The first headliner of the night was the Rhythm Devils featuring Mickey Hart and Bill Kreutzmann of the Grateful Dead, Keller Williams, Andy Hess (Gov’t Mule) and Davy Knowles (Back Door Slam) and talking drum master, Sikiru Adepoju.  I didn’t know what to expect from the band, but was surprised to find them heading in new directions.  Rather than be content with Grateful Dead covers (although Keller pulled off a couple of gems), the band featured Keller songs as well as giving Knowles equal time to shine in his soulful vocals and guitar playing.  Their set closer was augmented by a duo of fire dancers, who added a nice visual aspect to the show.

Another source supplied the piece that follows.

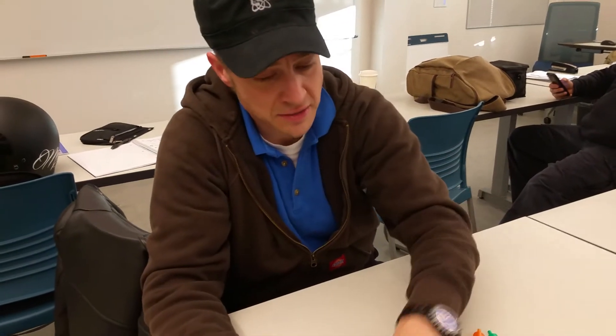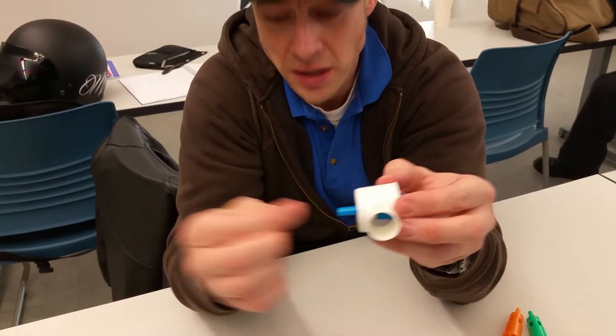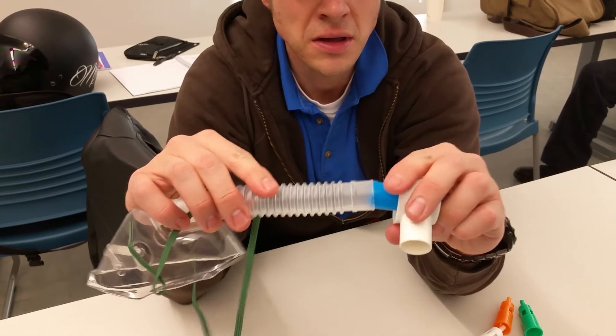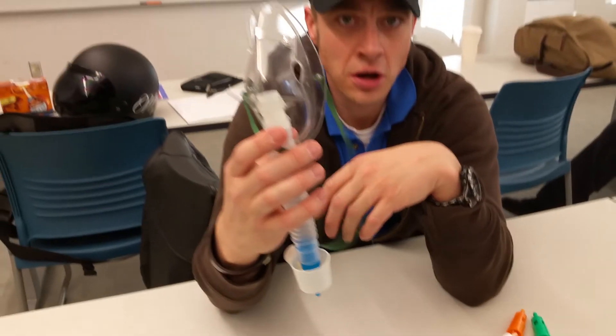You're going to connect it and push it in here like this, then connect your O2 tubing to here, connect it like this, and then put the mask on your patient.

As a Primus virgin, their inclusion in the Vibes lineup gave it the diversity that was needed and the weirdness that was doled out was plentiful. From the beginning of the set, all in attendance were informed that we would have to bear a crusade only of the brave in “To Defy the Laws of Tradition.” This yielded to a twisted version of Pink Floyd’s “In the Flesh” that gave the crowd a look of sheer awe and/or horror across their mugs. As the majority crowd sucked it like a golf ball through a hose pipe, many seemed to be reliving the days of their mosh-pit youth. On the other hand, it was almost comical to watch some of the faces in the crowd who didn’t know what to expect, reminiscent of the South Park episode when Cartman breaks up the hippie fest.  It was loud and strange – exactly what was promised. Apparently some folks didn’t get that memo. The set and evening would close with Sailing the Seas of Cheese‘s “Those Damned Blue Collar Tweekers,” which served as a mellow way to send the throng out of the field and into their tents. Sweet dreams kiddies.




Sunday came as the previous two days had: early. As is typical for many festival’s closing days, it was relatively mellow.  Little Feat played their familiar tunes, and played them well.  The band had the crowd singing along and dancing happily to tunes they knew well. Martin Sexton, backed by The Ryan Montbleau Band, delivered the most moving set of the day.  Sexton’s personal stories of failure and triumph seemed to grow in depth backed by a band which also allowed his quirky and fun side to shine through in greater color.

The remaining portion of the day would bring the dub and reggae lovers their portion by offering Damien Marley and Nas followed by Jimmy Cliff. Both sets were strong and while Cliff’s set was centered in his well known material, Marley and Nas did make attempts at pushing the envelope outside of their homage to marijuana, although that did manage to make it in the set.

As I walked out of the concert grounds, I reflected on the good points of the fest – the location, the people, and the solid lineup.  The Vibes had no major problems and many reasons to return. If you’re a part of the Grateful Dead extended family, this event comes highly recommend. Buy the ticket, take the trip.